The user did nothing to make this happen. The petition signature did the work. This is the architectural payoff — petitions become continuous signal generators for issue-stance segmentation.

8.4 Cross-Petition Synergy

If a voter signs IP37 (election security supportive), IP38 (parental rights supportive), and IP39 (anti-tax supportive), they end up in:

  • 3 Petition-Sourced Tribes (one per petition)
  • 3 Issue-Stance Tribes (one per issue)
  • Plus any derived Tribe that combines these stances (“Multi-Issue Conservatives”)

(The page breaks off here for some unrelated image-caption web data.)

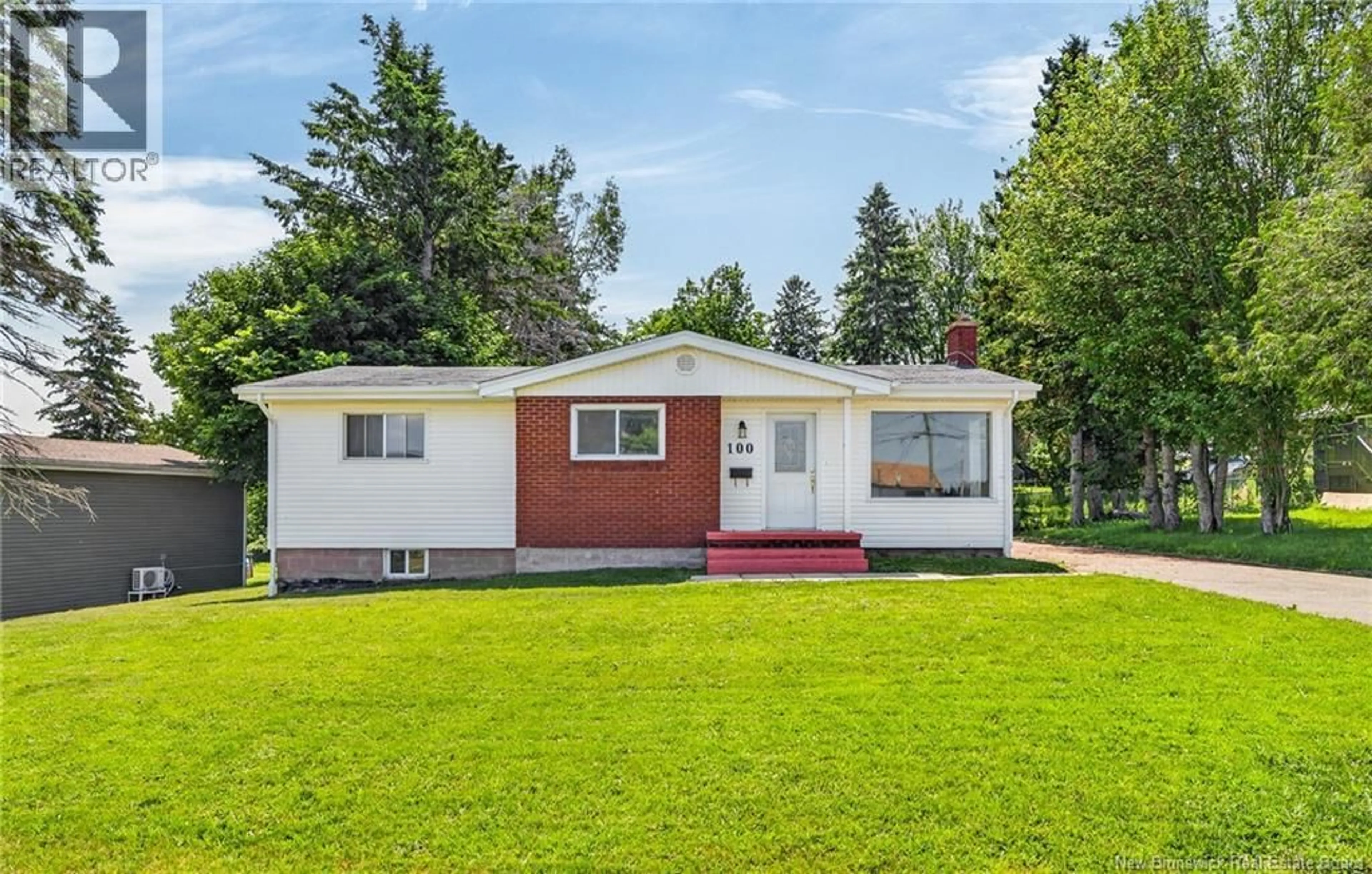 Home with vinyl exterior material, street for 100 ARTHUR STREET, Memramcook New Brunswick E4K1Z8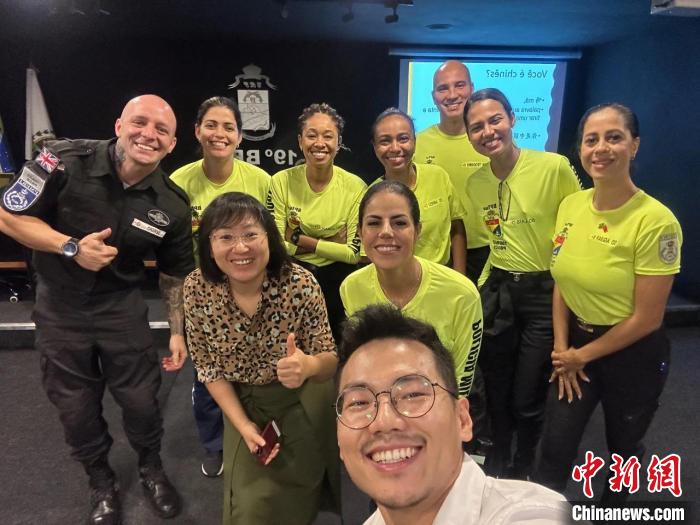 里約旅游警察上中文課?！±锛s熱內(nèi)盧天主教大學(xué)孔子學(xué)院供圖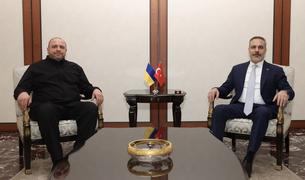 Умеров провел переговоры с главой МИД Турции по гуманитарной тематике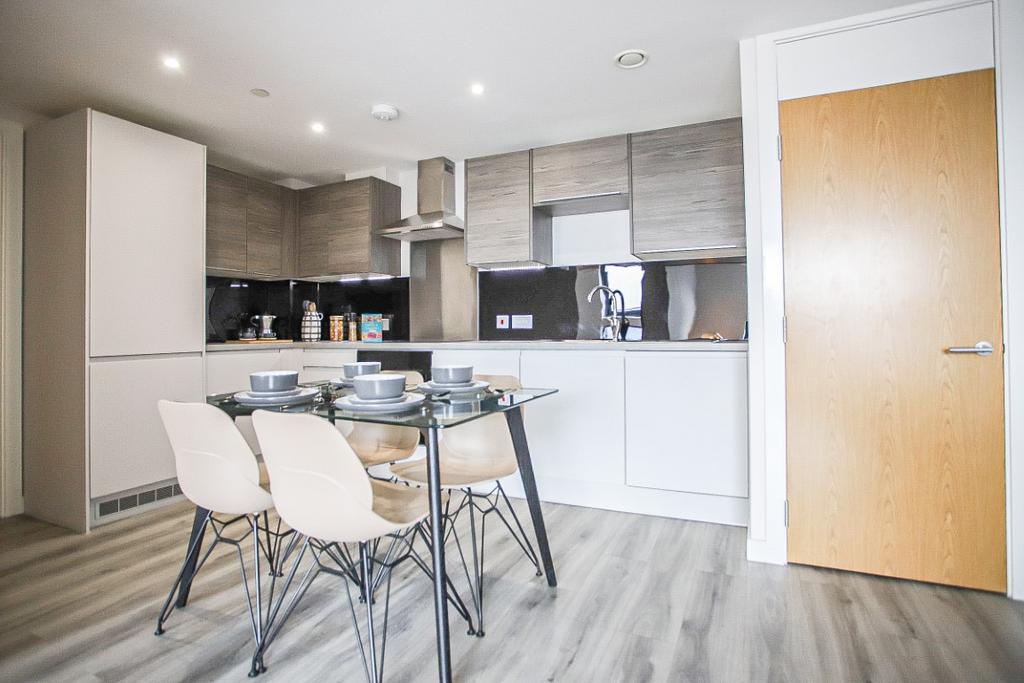 Apartment in Newcastle upon Tyne, Tyne and Wear - View 3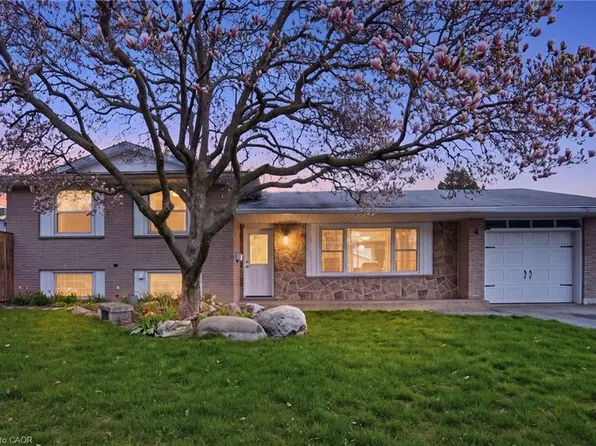 4 Clifton Downs Rd, Hamilton, ON L9C 2P2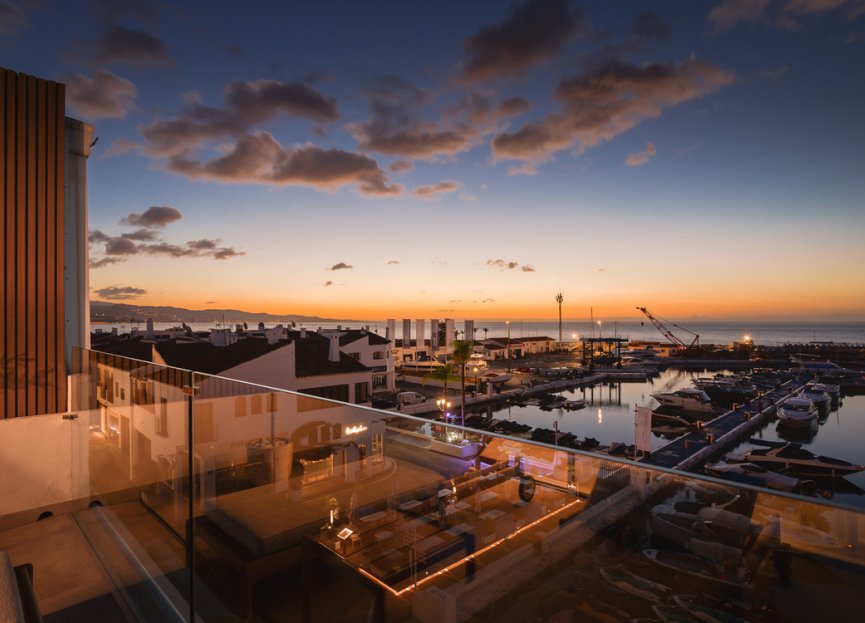 Resale - Apartment - Penthouse - Marbella - Puerto Banús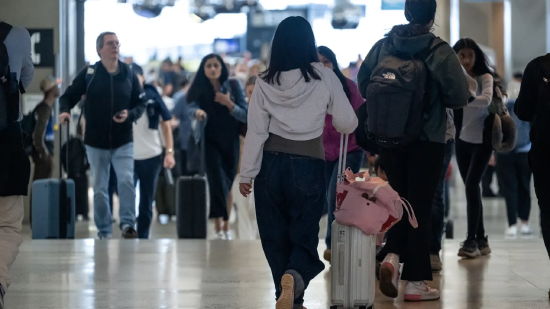 机票价格或将继续走高	，但航空公司利润却难同步上涨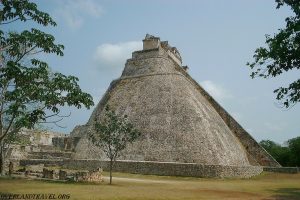 Ушмаль древний город майя в Мексике. Uxmal is an ancient Mayan city in Mexico.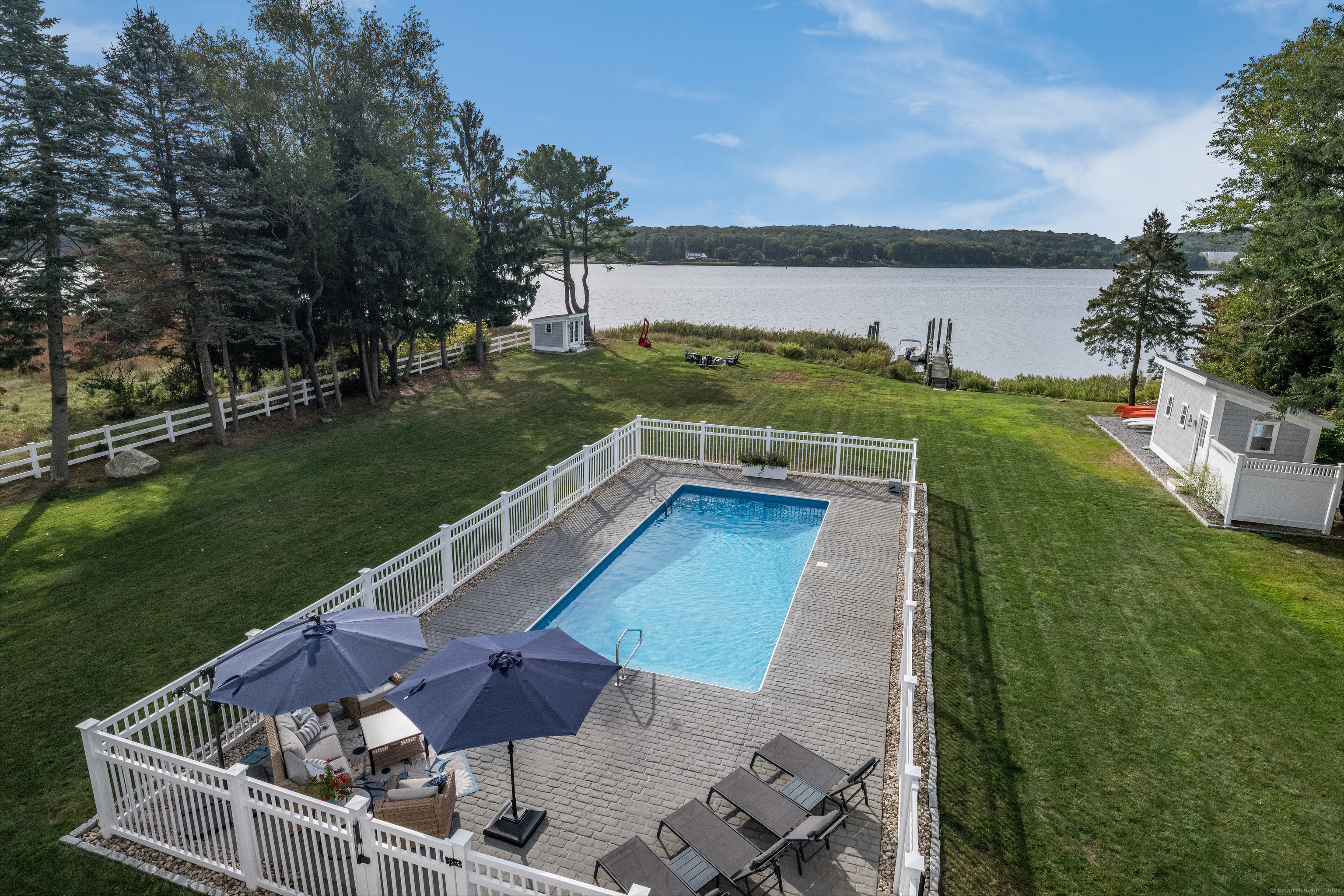 23 Massapeag Point Road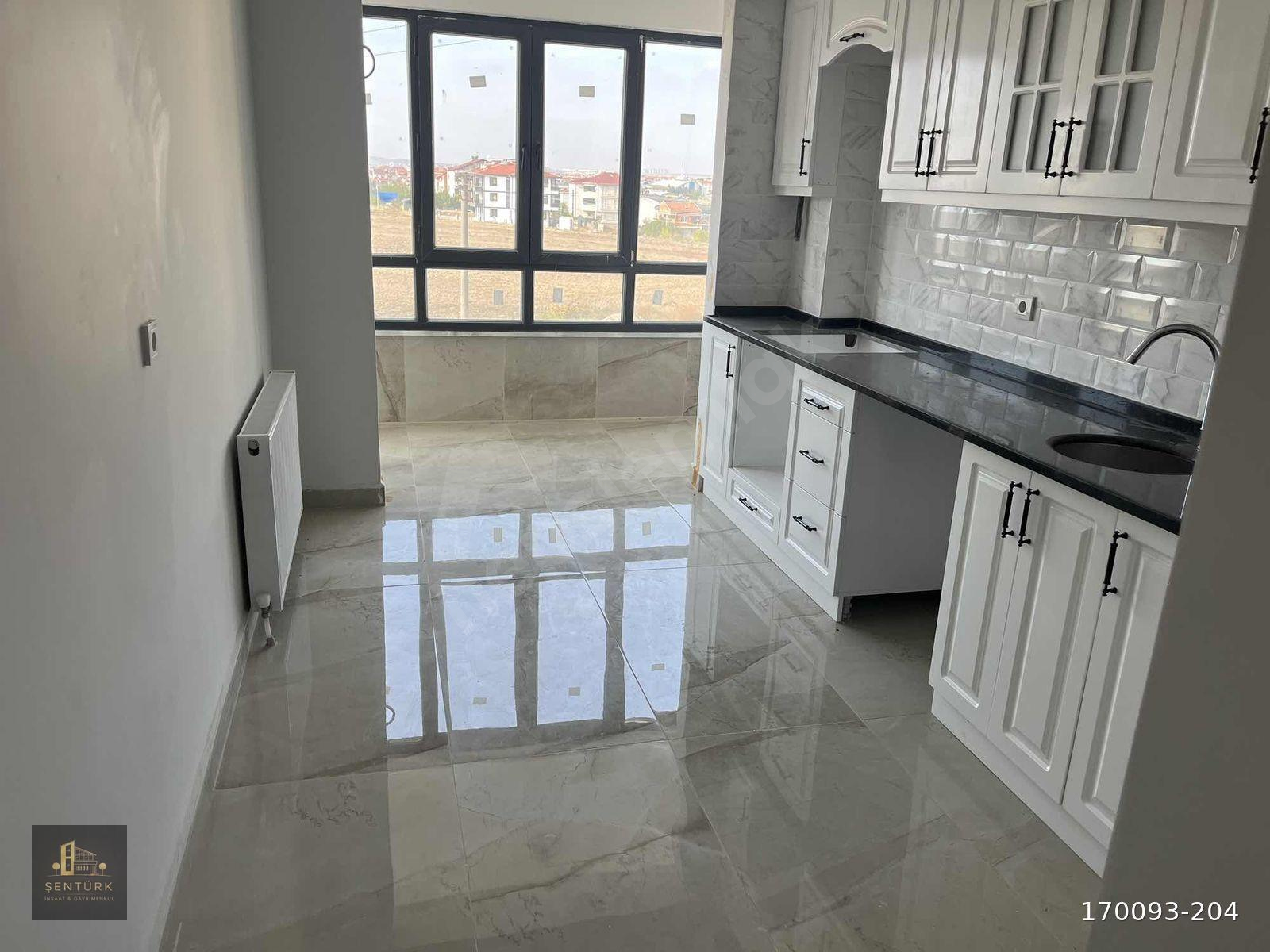 RUMELİDE SİTE SIFIR 2+1 90M2 ARAKAT DOĞU GÜNEY CEPHE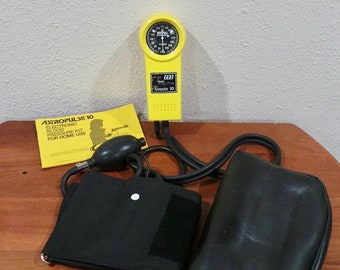 1976 Marshall Astropulse 10 Home Blood Pressure Kit Sphygmomanometer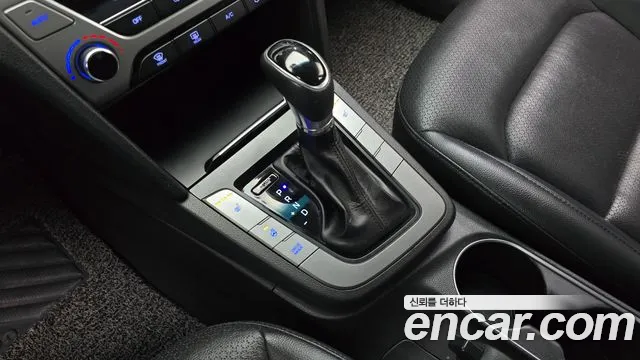 Hyundai Avante 2016 thumb 9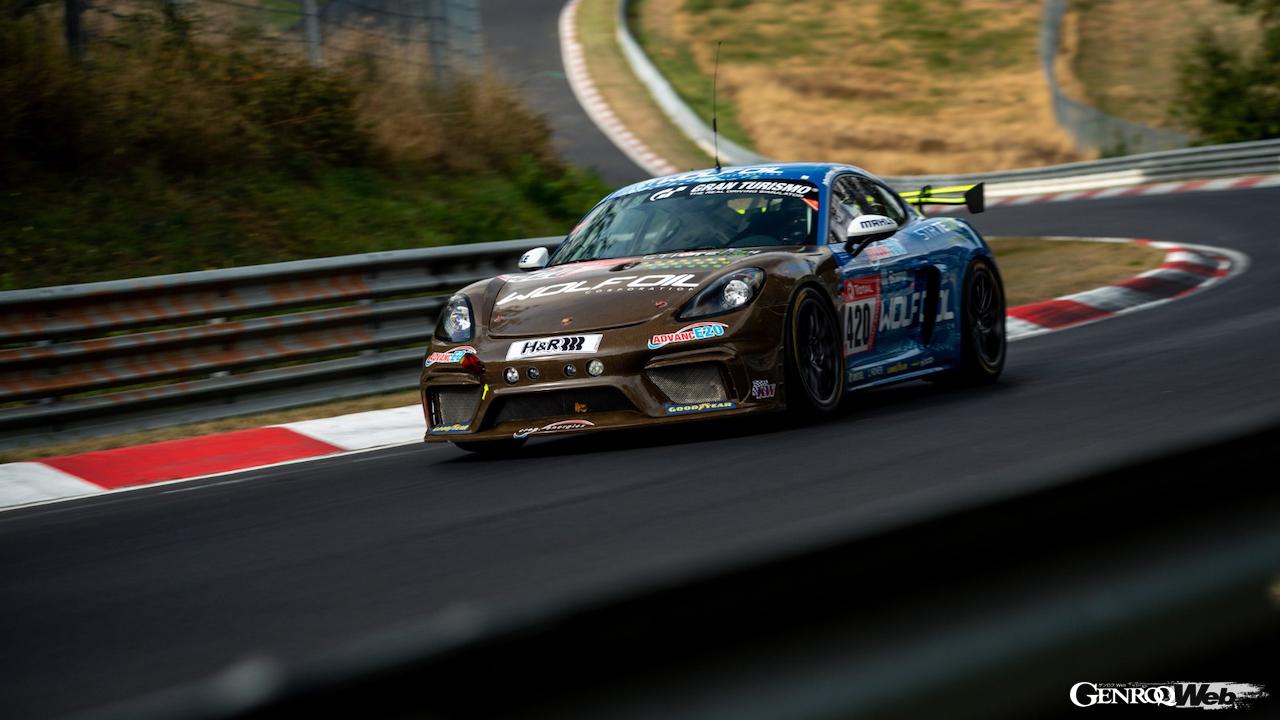 新型911 GT3 Rだけでなく、911 GT3 カップや718 ケイマン GT4 クラブスポーツ（写真）など、44台のポルシェが、2023年のニュルブルクリンク24時間レースにエントリーした。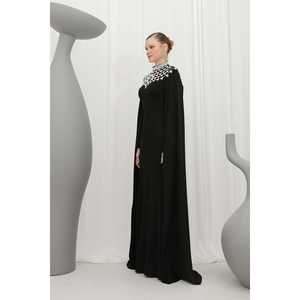 ชุดราตรีสีดำประดับประดาหรูหราสำหรับผู้หญิง คอสูง แขนยาว ทรงเข้ารูป งานแฮนด์เมด สำหรับงานพิธีการ - Product Image 4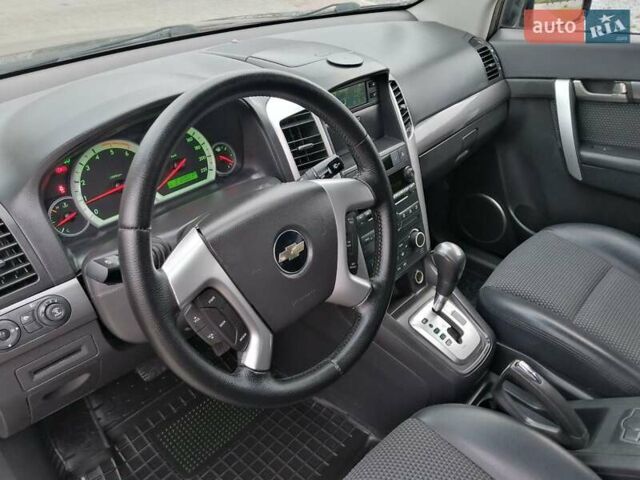 Чорний Шевроле Каптіва, об'ємом двигуна 2 л та пробігом 212 тис. км за 9450 $, фото 29 на Automoto.ua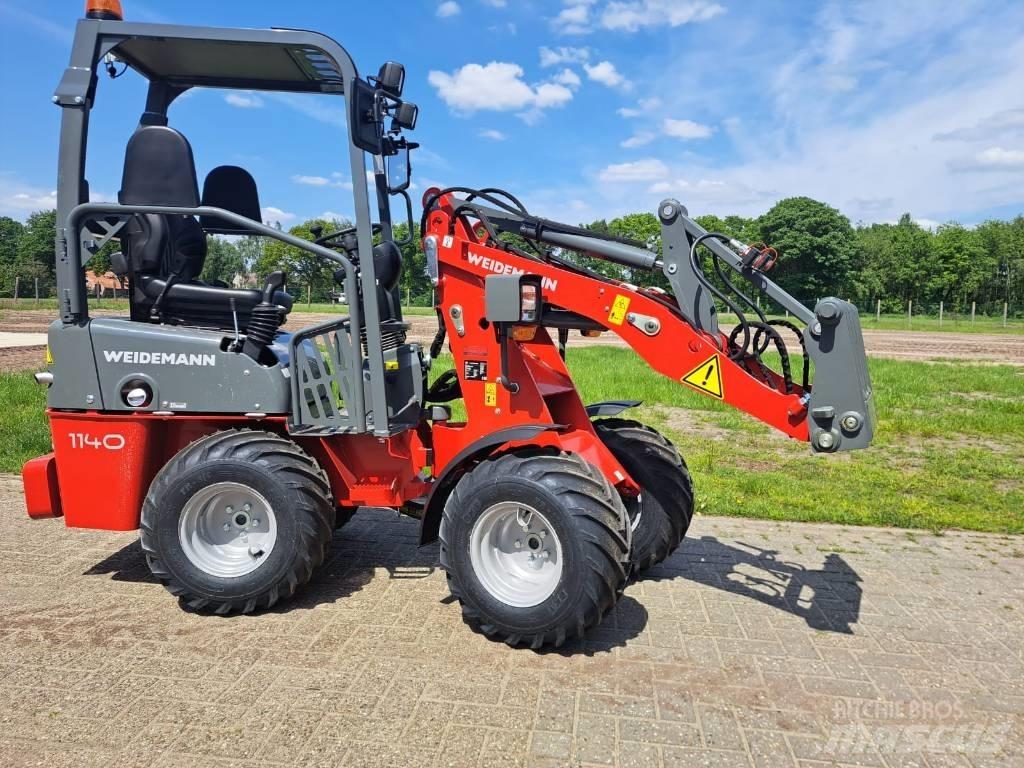 Weidemann 1140 لوادر صغيرة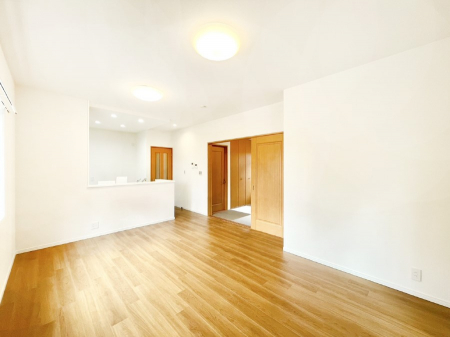 ���̑����ρ@���邢�z���������A�����̕��͋C�ɖ��������_�C�j���O�B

The pile-up of signals across petitions creates a high-fidelity political portrait without any manual tagging.


9. Performance Architecture

A Tribe Builder that returns “612 contacts” in 200 milliseconds is the difference between a magical product and a frustrating one. This needs to be solid in V1.

9.1 Hot vs. Cold Tribes

  • Hot Tribes — accessed in the last 24 hours or pinned by the user. Materialized view: membership list cached, incrementally updated as UVP changes land.
  • Cold Tribes — not accessed recently. Membership recomputed on demand; cached for 15 minutes; evicted afterwards.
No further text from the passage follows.